So the summary is "JPEG encoder written in assembly with NEON instructions saves images faster than Apple's encoder."
That's a cool feat and is a little damning for Accelerate.framework, although the way techcrunch writes it I expected a new kind of fast cosine transform.
Don't forget that SnappyCam pumps both CPU cores when available.
The actual DCT algorithm created and used in the app is different to the typical AAN (Arai, Agui, Nakajima) DCT algorithm that's used in JPEG codecs, at least all the ones I've seen.
It's all about doing as little work as possible to achieve the end result. That's why there's so much asm implementation, with carefully chosen NEON instructions for each step.
Think of it as a cross-layer optimization between algorithm and implementation... done by hand. :-)
Really interested in the nuts and bolts - are you optimizing specifically for one quality setting (in which case I'm guessing you could probably do the quantization as part of the dct and throw away some calculations)?
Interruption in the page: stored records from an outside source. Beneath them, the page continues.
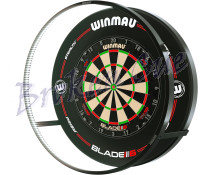 LED Beleuchtung Winmau Plasma 4300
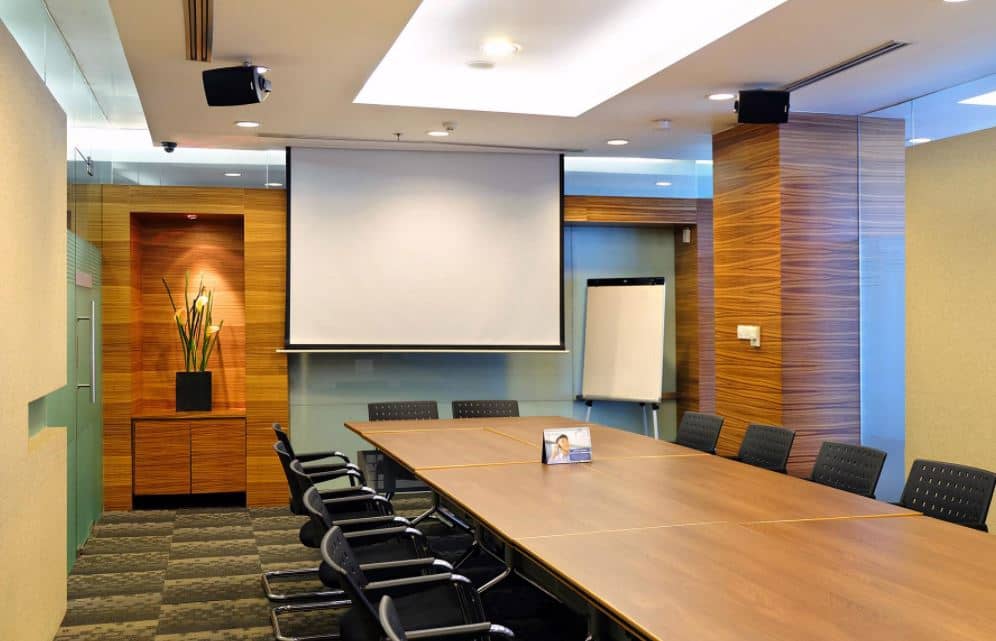 Office Menara Karya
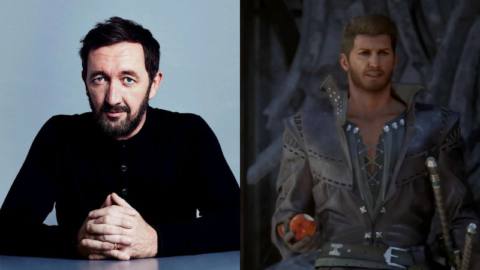 The Voice Of Final Fantasy XVI’s Cid Will Play Galactus In Marvel’s Fantastic Four Movie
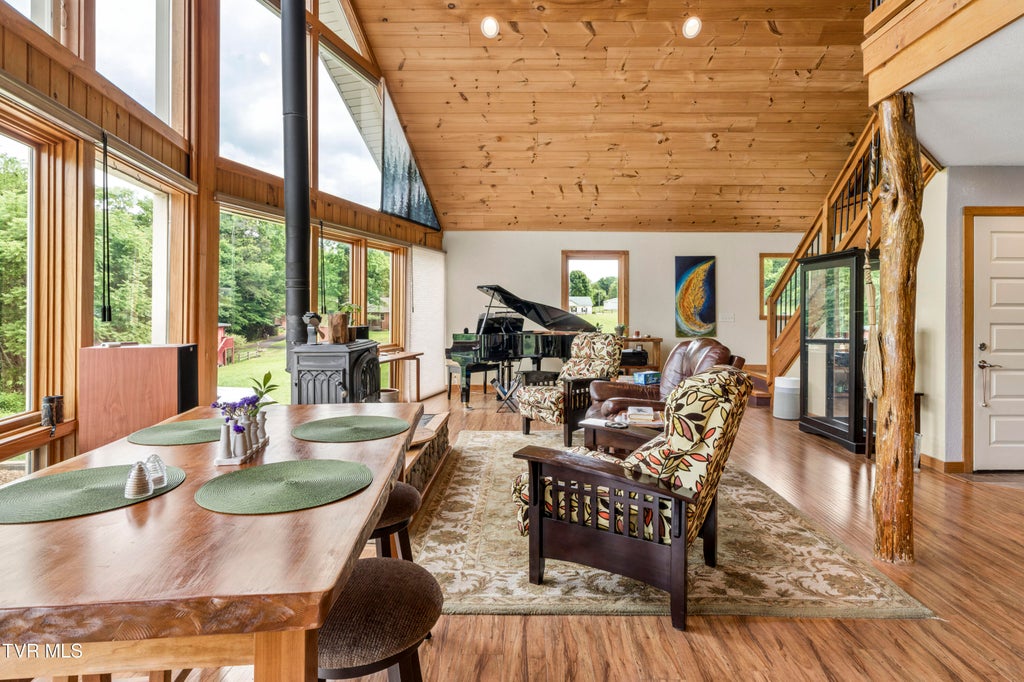Photo of 777 Bailey Lane, Erwin, TN 37650 (MLS # 9996019)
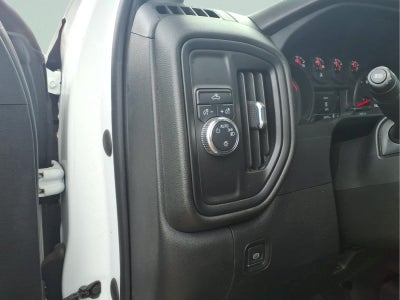 2022 GMC Sierra 1500 Pro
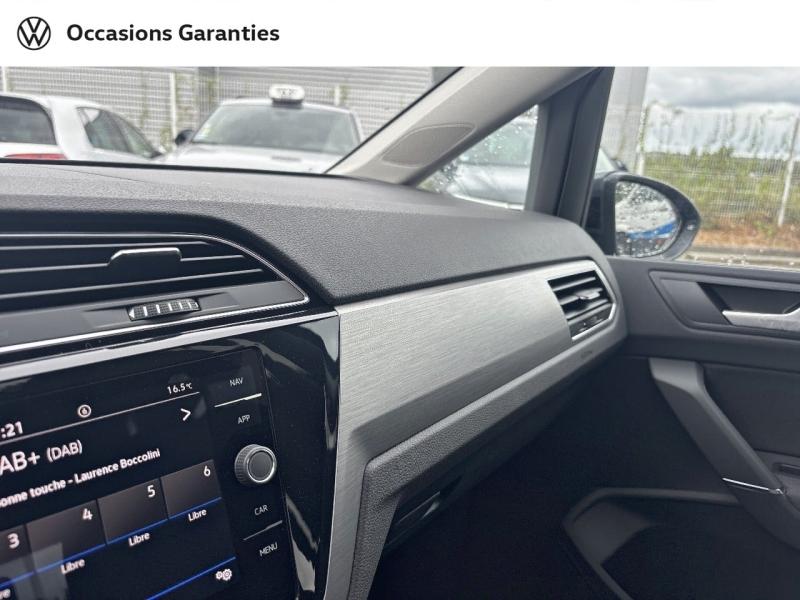 Voitures occasions VOLKSWAGEN TOURAN Life Plus Cesson-Sévigné
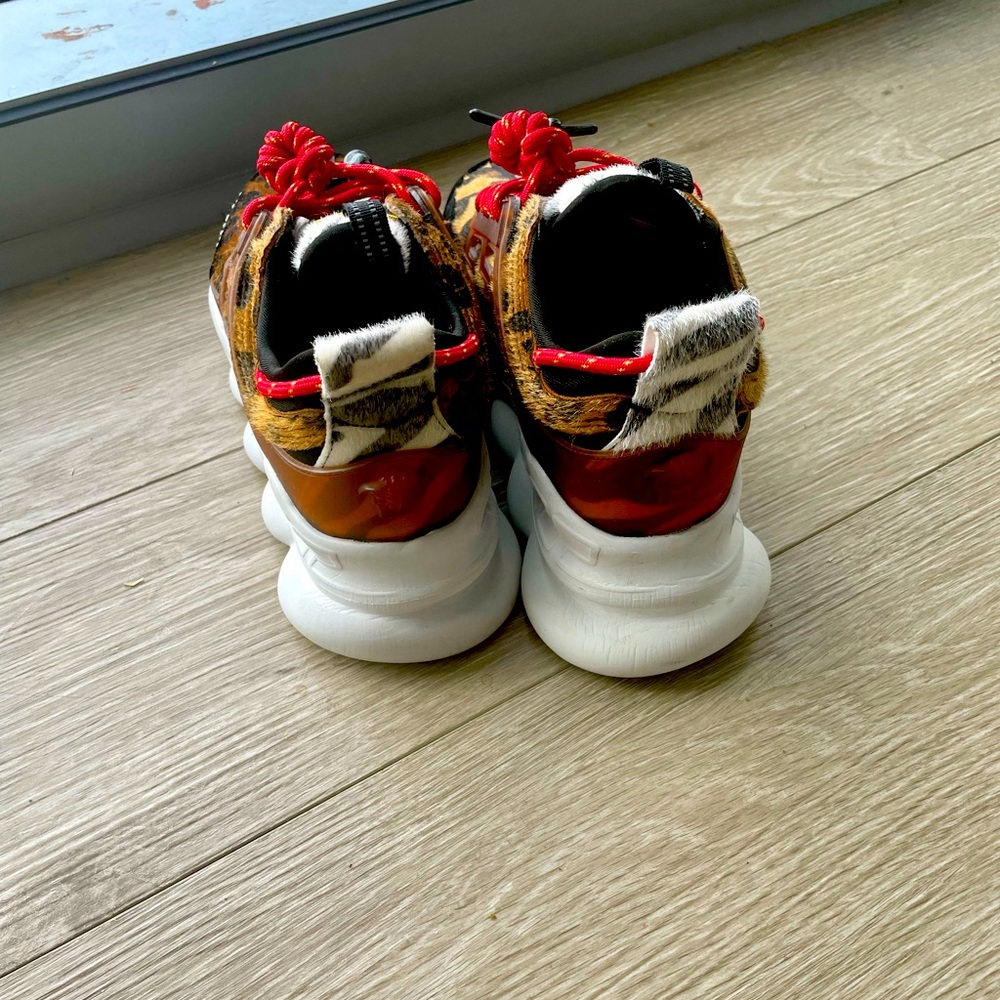 Versace Runners - Picture 4 of 5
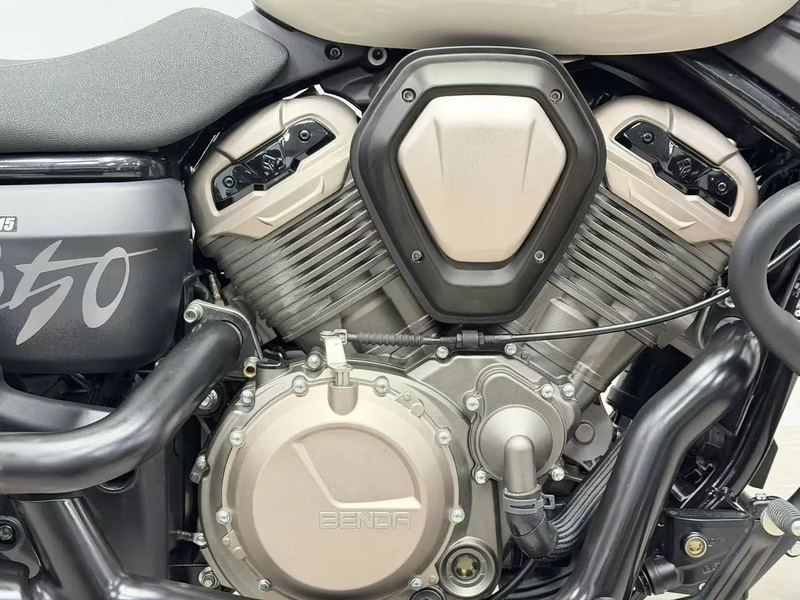 二手奔达金吉拉450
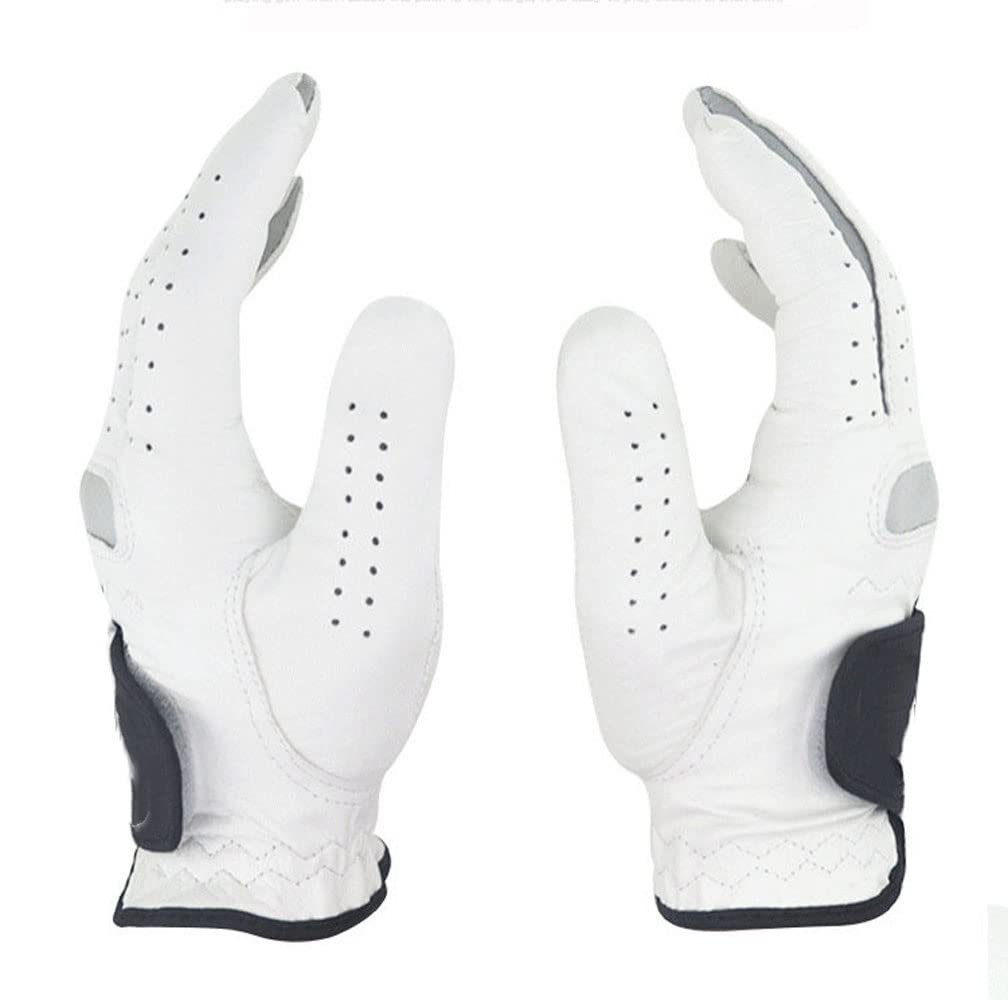 best rated golf gloves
I played with a realtime jpeg compression implementation back in college on transputers (yes I'm that old). Fun stuff, nice to see there are still places where going right down to the metal can make a real impact on a product...
While SnappyCam has been the most difficult, complex, piece of software I've written since I started coding in my early teens, it's also been one of the most satisfying technically.
I'd love to disclose the many, many optimizations baked in, but as this is a commercial app I must keep much of it as a trade secret.
I will say though that a lot of precomputation was involved, both for the encoder and decoder. Jumped at the chance to avoid computation, memory reads, etc., as much as possible. :-)
That's a cool feat and is a little damning for Accelerate.framework, although the way techcrunch writes it I expected a new kind of fast cosine transform.